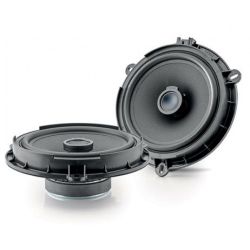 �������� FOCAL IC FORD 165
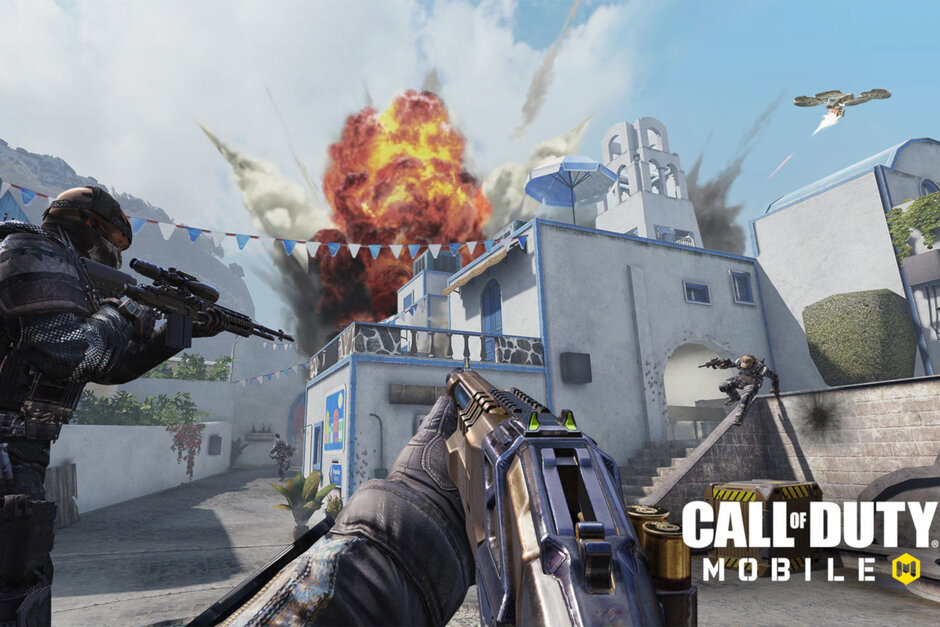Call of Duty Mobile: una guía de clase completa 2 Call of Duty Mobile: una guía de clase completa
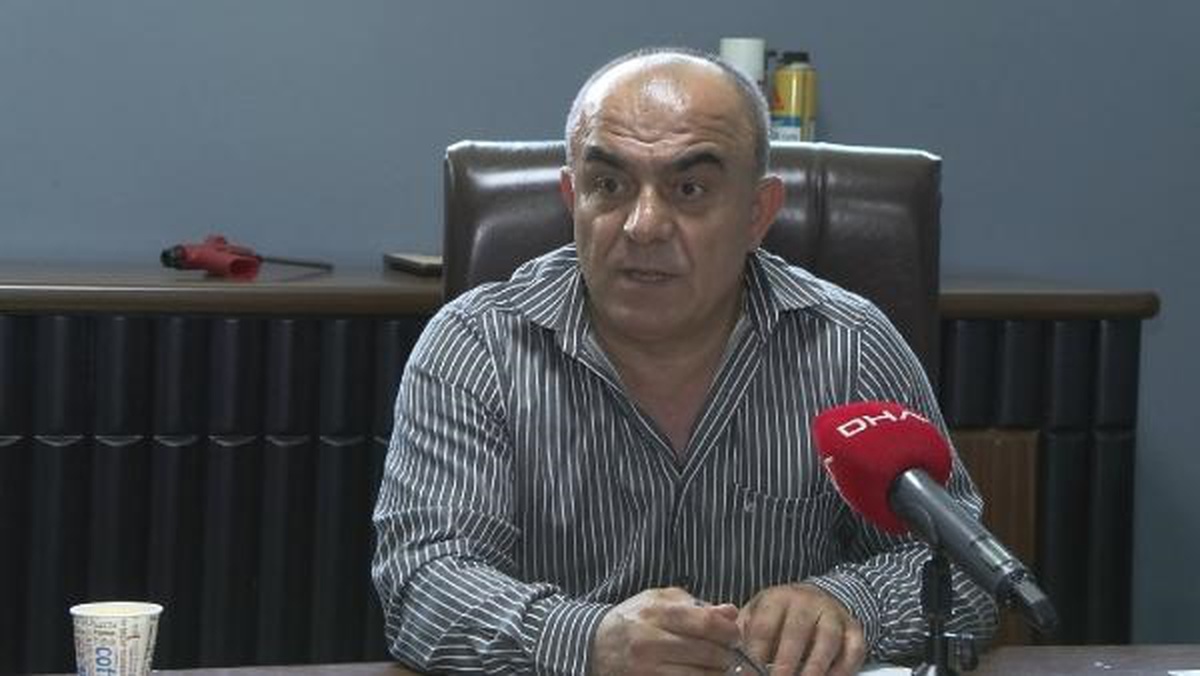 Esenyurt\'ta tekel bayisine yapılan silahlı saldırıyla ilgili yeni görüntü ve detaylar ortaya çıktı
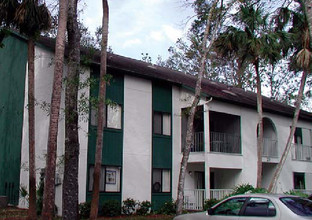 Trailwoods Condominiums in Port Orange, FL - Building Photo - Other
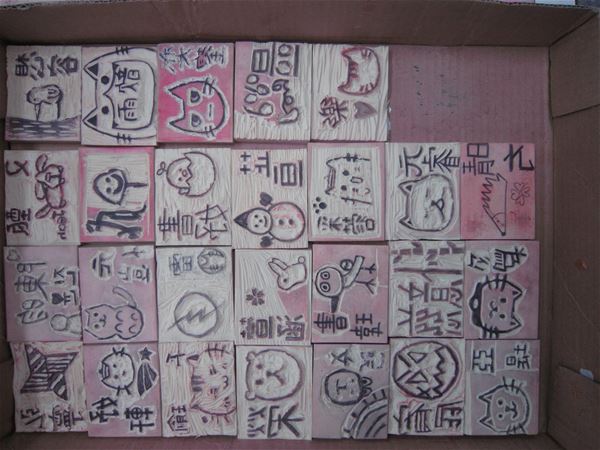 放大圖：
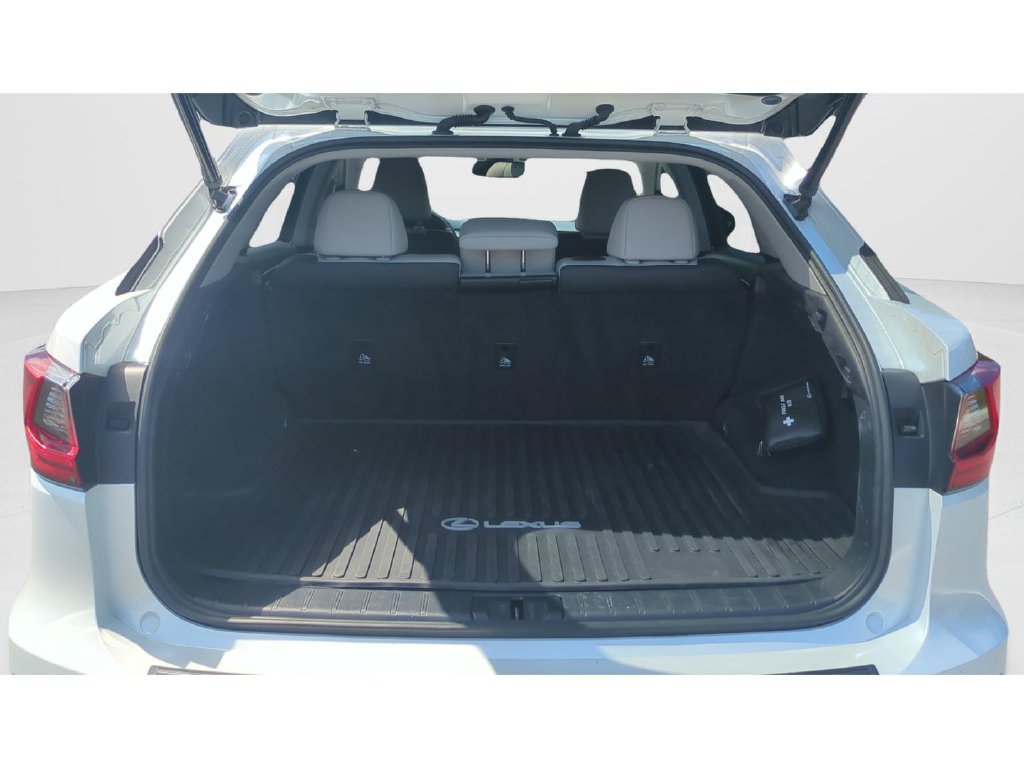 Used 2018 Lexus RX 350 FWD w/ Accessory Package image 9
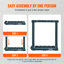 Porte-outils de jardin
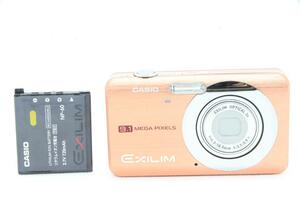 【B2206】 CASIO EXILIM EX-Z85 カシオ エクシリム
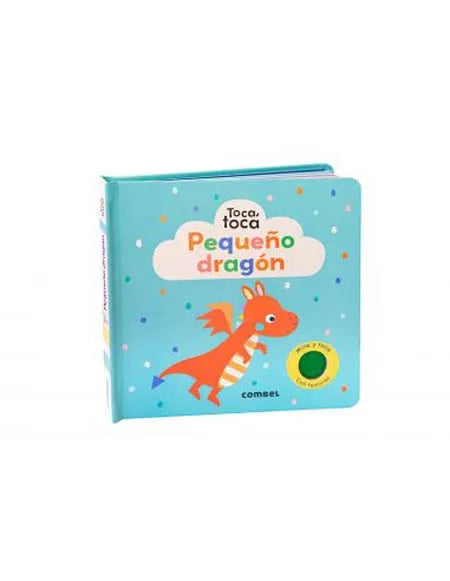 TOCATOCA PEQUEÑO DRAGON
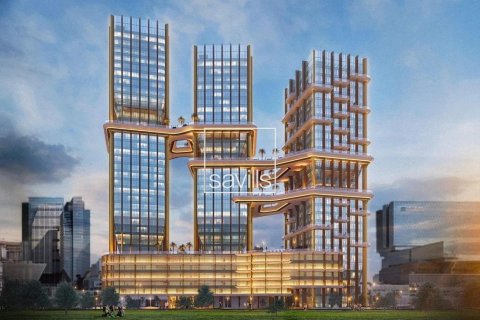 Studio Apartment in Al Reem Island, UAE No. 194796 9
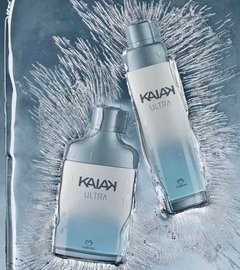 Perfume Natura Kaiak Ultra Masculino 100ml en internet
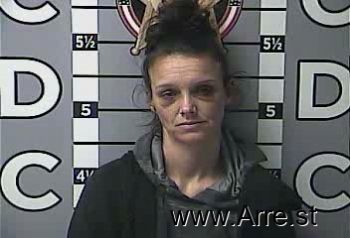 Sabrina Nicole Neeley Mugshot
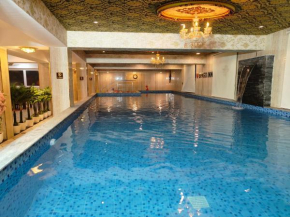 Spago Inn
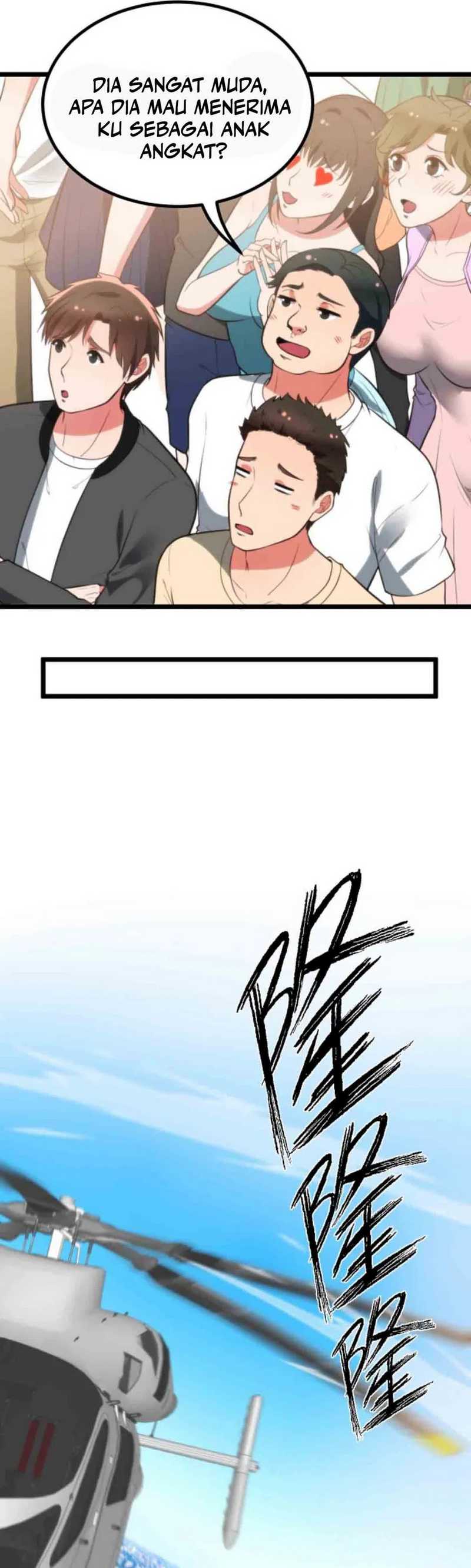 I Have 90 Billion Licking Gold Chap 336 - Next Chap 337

# Work instructions:
No picture belongs in the answer, but every word of the records above does, exactly as given.

# Expected answer:
 �������� FOCAL IC FORD 165
Call of Duty Mobile: una guía de clase completa 2 Call of Duty Mobile: una guía de clase completa
 Esenyurt\'ta tekel bayisine yapılan silahlı saldırıyla ilgili yeni görüntü ve detaylar ortaya çıktı
 Trailwoods Condominiums in Port Orange, FL - Building Photo - Other
 放大圖：
 Used 2018 Lexus RX 350 FWD w/ Accessory Package image 9
 Porte-outils de jardin
 【B2206】 CASIO EXILIM EX-Z85 カシオ エクシリム
 TOCATOCA PEQUEÑO DRAGON
 Studio Apartment in Al Reem Island, UAE No. 194796 9
 Perfume Natura Kaiak Ultra Masculino 100ml en internet
 Sabrina Nicole Neeley Mugshot
 Spago Inn
 I Have 90 Billion Licking Gold Chap 336 - Next Chap 337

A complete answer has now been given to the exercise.